Allow me to start by saying to you: MWARAMUTSE NEZA Mwese, Good Morning to you all, Bonjour à tous.

It gives me great honour to be here today to make on behalf of the One UN Rwanda Family these brief remarks during the Commemoration of the International Holocaust Day here in Kigali.

Let me at the outset express my profound gratitude and appreciation to the Embassies of Israel in Addis Ababa and of Germany in Kigali for once more closely associating the One UN Rwanda Family to this important event. In particular, I would like to thank the Ambassador of Germany to Rwanda for his constant encouragement to us in all our partnerships and endeavours, including in the joint organization of this important event. I wish to also appreciate the Government of Rwanda here represented by the Executive Secretary of CNLG, Senator Bizimana, for first of all accepting that this commemoration be held in Rwanda and by supporting the organization of this event and gracing it by its valuable presence through the Hon Minister and other Senior Government Officials. I cannot forget to commend the Kigali Genocide Memorial and Aegis Trust for coordinating and hosting this important event.
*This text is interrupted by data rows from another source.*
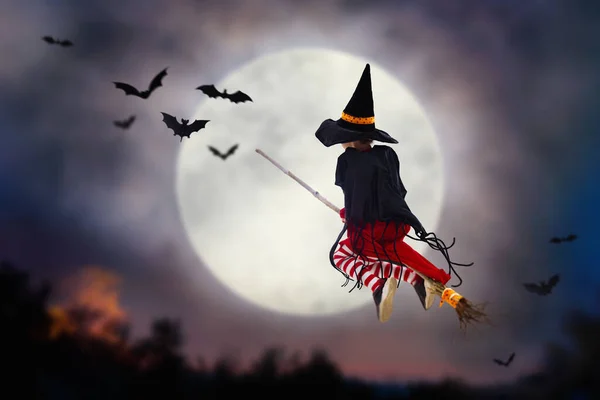 Little witch flying broom on Halloween night. Huge full moon and bats in the background. Kids trick or treat costume. Children have fun. Spooky and scary celebration. Kid dressed as evil ghost.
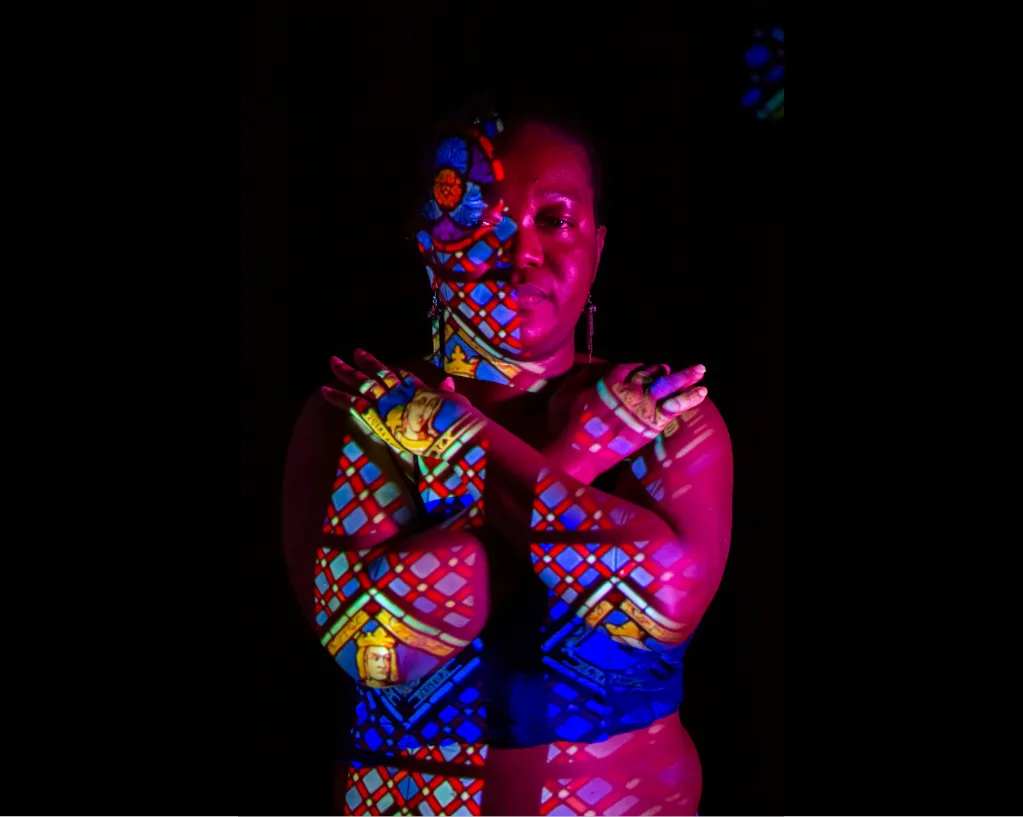 Portrait d'une femme aux bras croisés sur la poitrine, le corps couvert de la projection colorée d'un vitrail à figures couronnées.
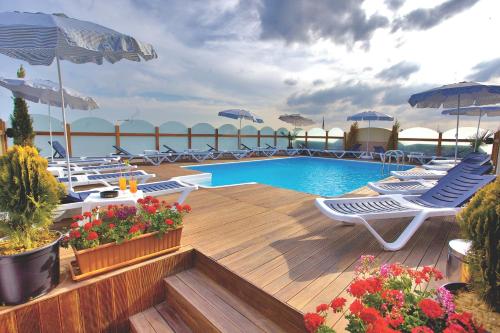 a pool with chairs and umbrellas on a deck at İstanbul Trend Hotel Old City in Istanbul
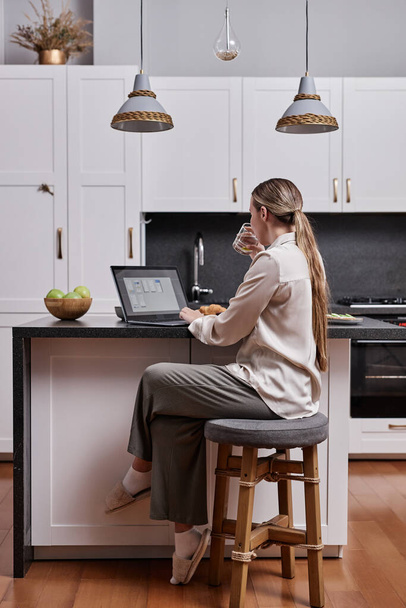 Vertical full length portrait of young woman using laptop at kitchen table in home interior - Photo, Image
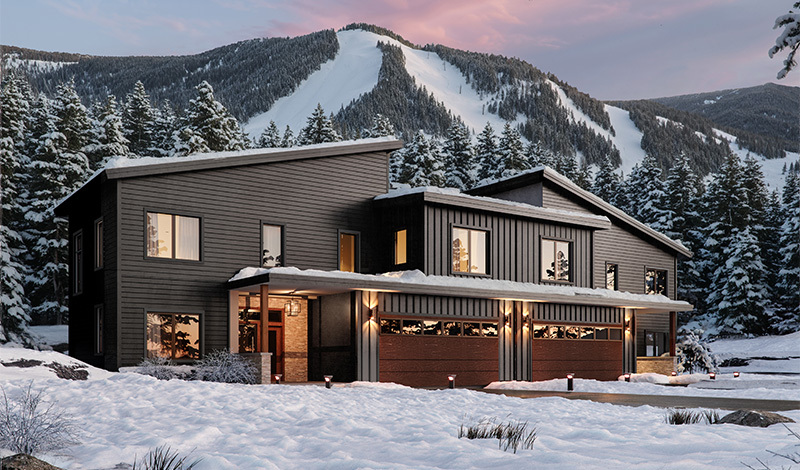 Modern ski-in ski-out townhome at Killington with large windows, dark siding, and mountain views.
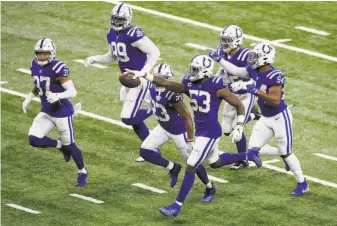  ?? Andy Lyons / Getty Images ?? Colts linebacker Darius Leonard ( 53) celebrates a fumble recovery. After allowing 28 points in the first half, the Indianapol­is defense held Green Bay to three points in the second half.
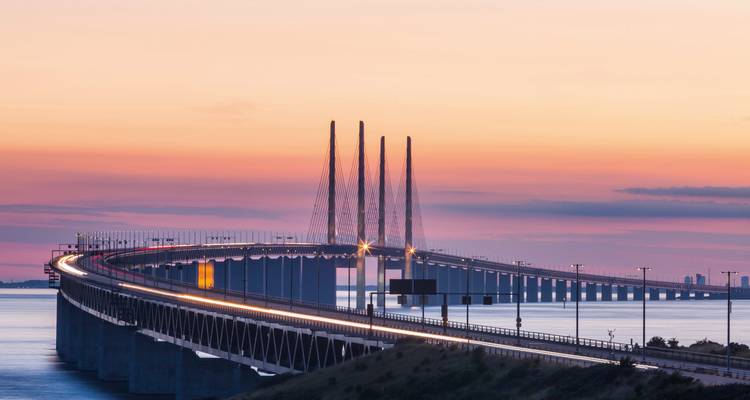Eine lange Brücke über dem Meer bei Sonnenuntergang mit Lichtspuren.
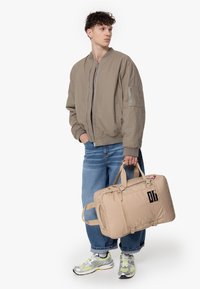 Beige bomberjacka med en ficka med dragkedja, blå jeans och en beige duffelväska med handtag. Sneakers med silver- och neon-design.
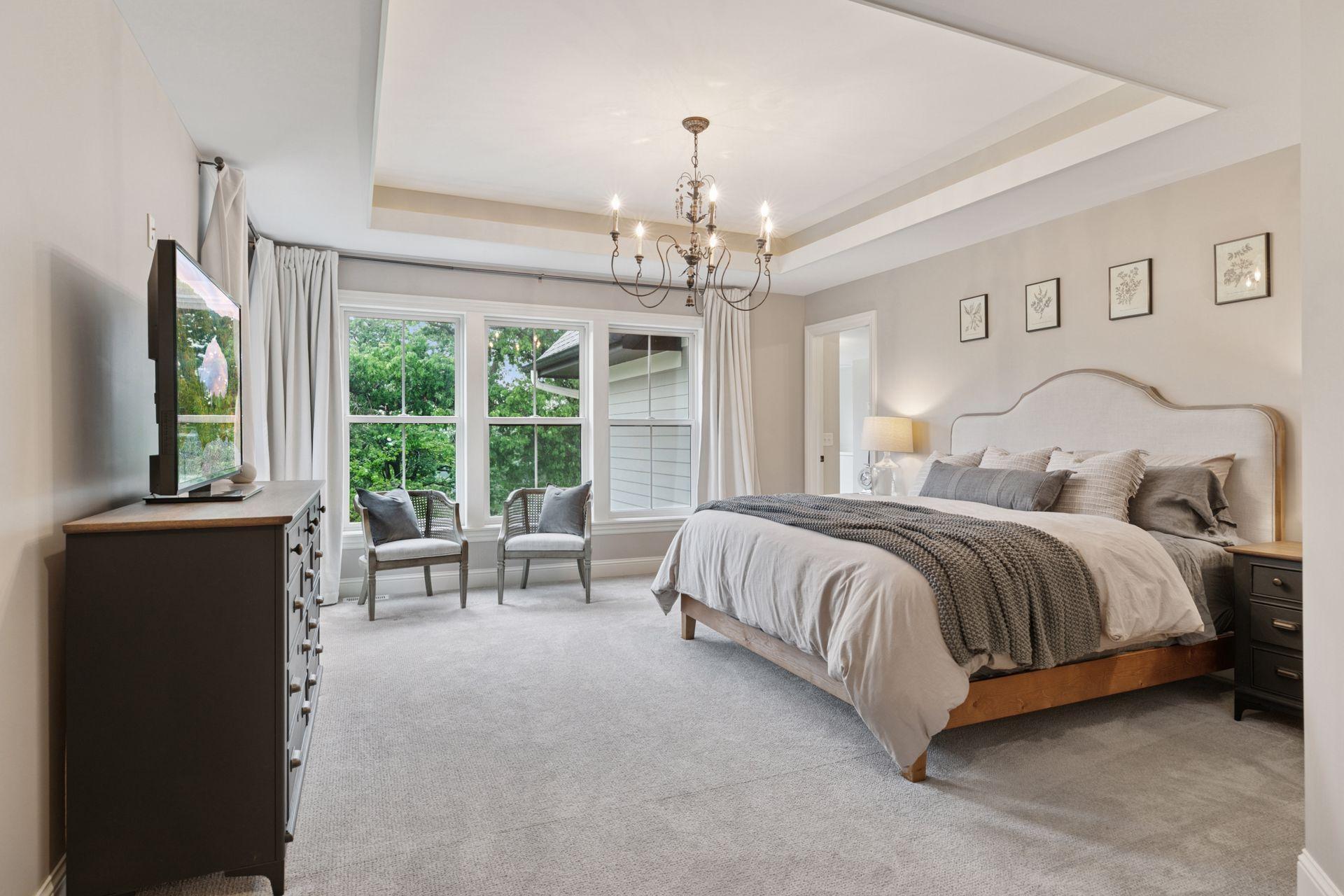 Retreat to a bright and airy owner’s suite featuring a tray ceiling, large picture windows, plush carpeting, and space for a cozy sitting area.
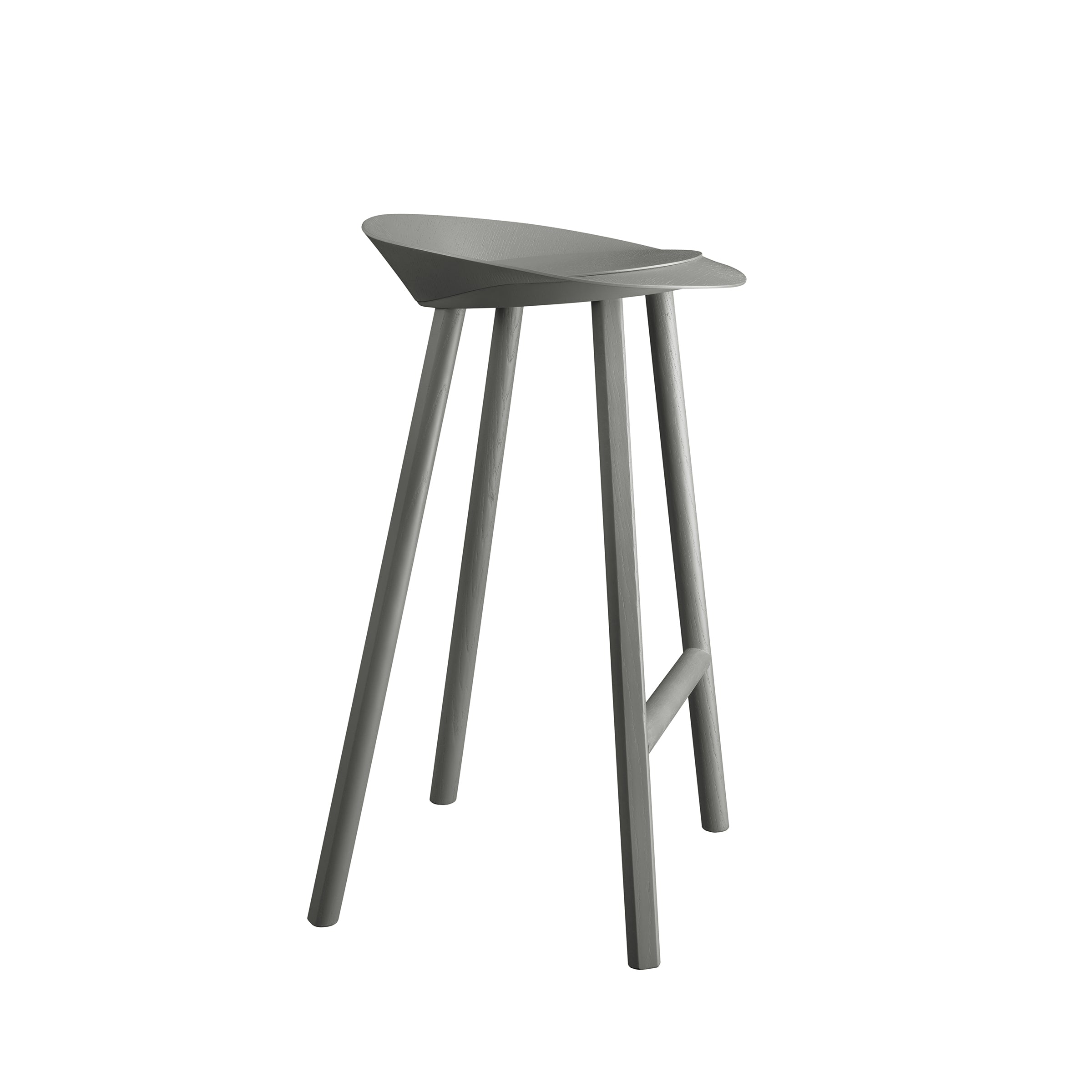 The ST10 JEAN bar stool by E15 showcases a minimalist design with a sleek, curved seat made from oak-veneered plywood. It features four slender legs, a muted gray finish, and includes a footrest for enhanced comfort and functionality.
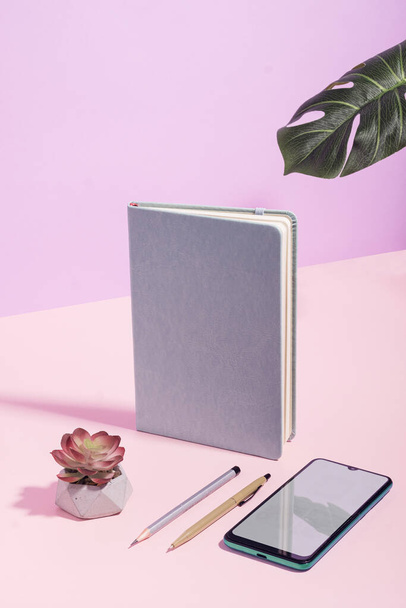 Artistic pink and lilac themed business still life with upright diary or journal, smartphone, pen and pencil, flower and potted plant frond with copy space in vertical format - Photo, image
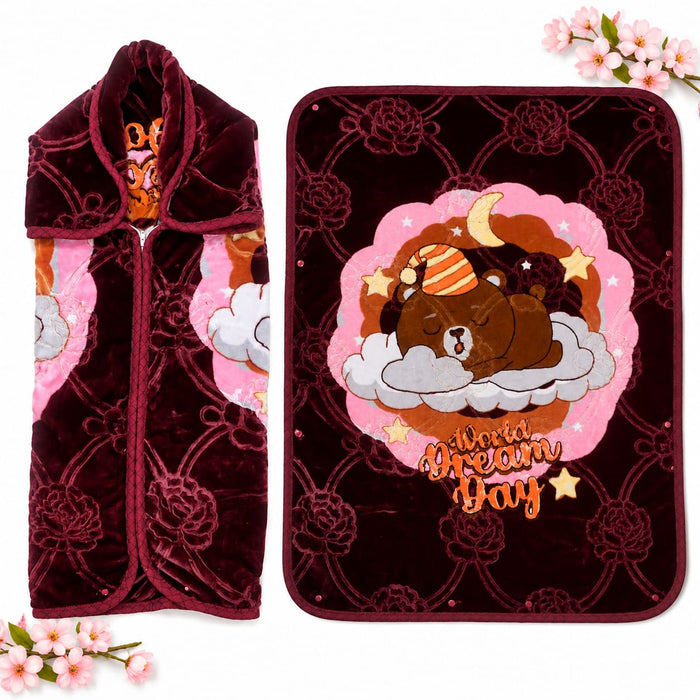 A plush fleece blanket and matching zippered pouch shown on a white background with decorative pink flowers. The blanket features a dark burgundy floral pattern, a central pink cloud design with a sleeping brown bear on clouds and stars, and the words 'Wo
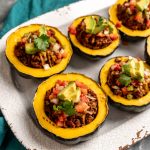 Cooked ground beef in scooped out acorn squash with 6 on a tray and topped with avocado and tomato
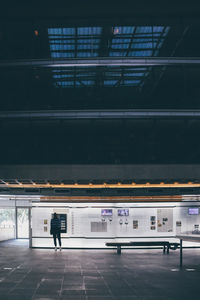 Rear view of people walking at railroad station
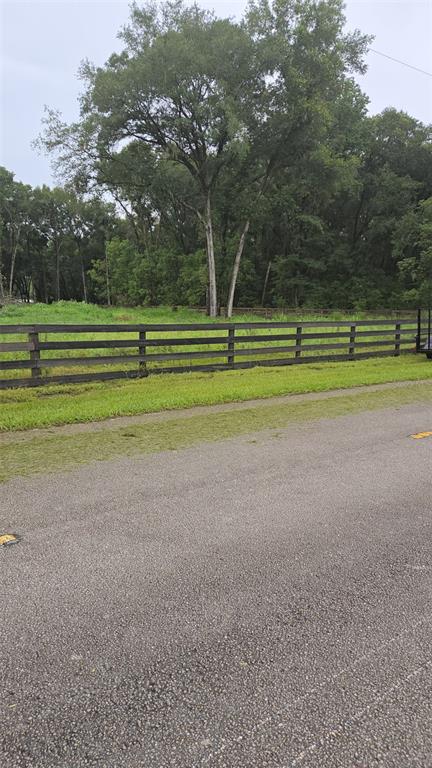 A wooden fence borders a grassy field with large trees under an overcast sky — 890 GRAND RONDO W, CRESCENT CITY, FL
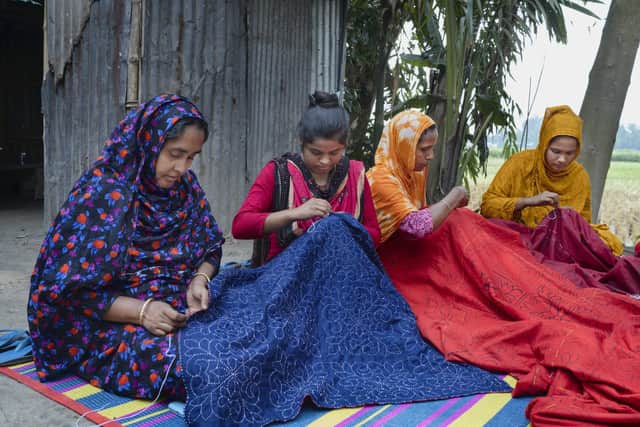 Kakoli Khatun (2nd from left) and other women supported by Christian Aid’s local partner are earning an income by keeping alive the tradition of nakshi kantha, the centuries-old Bengali art of quilt-making which involves embroidering old saris with thread. Credit: Fabeha Monir/Christian Aid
Excellences, Ladies and Gentlemen,

Last year, we met here to commemorate the International Holocaust Day, which is in the memory of the Holocaust’s victims during the Second World War, during which two-thirds of the nine million European Jews were murdered in very inhumane ways, just because they were Jews. Let me recall that the commemoration last year marked the 70th anniversary of the liberation of the Nazi concentration camp at Auschwitz, exactly on 27 January 1945. A commemoration to preserve the memory of what happened there during the Second World War and to reinforce the “Never Again” resolution, a commemoration to remind the world of what can happen when we lose sight of our common humanity.

This year we are meeting again at the Kigali Genocide Memorial Center, a memorial that carries the same memories of colossal crimes against humanity, a center that that shows that almost 50 years after the holocaust, yet another terrible genocide could occur, despite the strong commitment of the world to never experience genocide again.

It is in this regard that the Embassies of Germany and Israel deserve our commendation and support for deciding to commemorate once again the International Holocaust Day in Rwanda, a country that shares the same history of a terrible genocide. The choice of Rwanda and the site of the genocide memorial center therefore carries a very important message that the world has no place for genocidal and anti-Semitic ideologies in all their forms. Rwanda is also a good example of a nation that once at the edge of collapse, has been able to rise from the ashes of genocide and destruction to a unified, strong and resilient nation that has become a model for social and economic development. History teaches us how Germany also rose from the ashes and destruction of the terrible bombings of the Second World War to become one of the most powerful countries on earth.

Excellencies, Distinguished Ladies and Gentlemen,

The United Nations General Assembly has taken drastic measures to fight genocide through its resolution of 1st November 2005 which reaffirmed the Universal Declaration of Human Rights. It also designated 27th January as an annual International Day of Commemoration in memory of the victims of the Holocaust. Two years later, the General Assembly adopted by consensus a resolution condemning, without reservation, any denial of the Holocaust, stressing that denying the holocaust is tantamount to approval of genocide in all its forms”. The International Community has unreservedly voiced its collective commitment to condemning without reservation the Holocaust denial, in all forms. And in April 2014, while Rwanda was commemorating the 20th anniversary of the Genocide against the Tutsi, the UN Security Council unanimously passed Resolution 2150, calling on states to recommit themselves to the prevention of, and fight against, genocide and other serious atrocious crimes under international law.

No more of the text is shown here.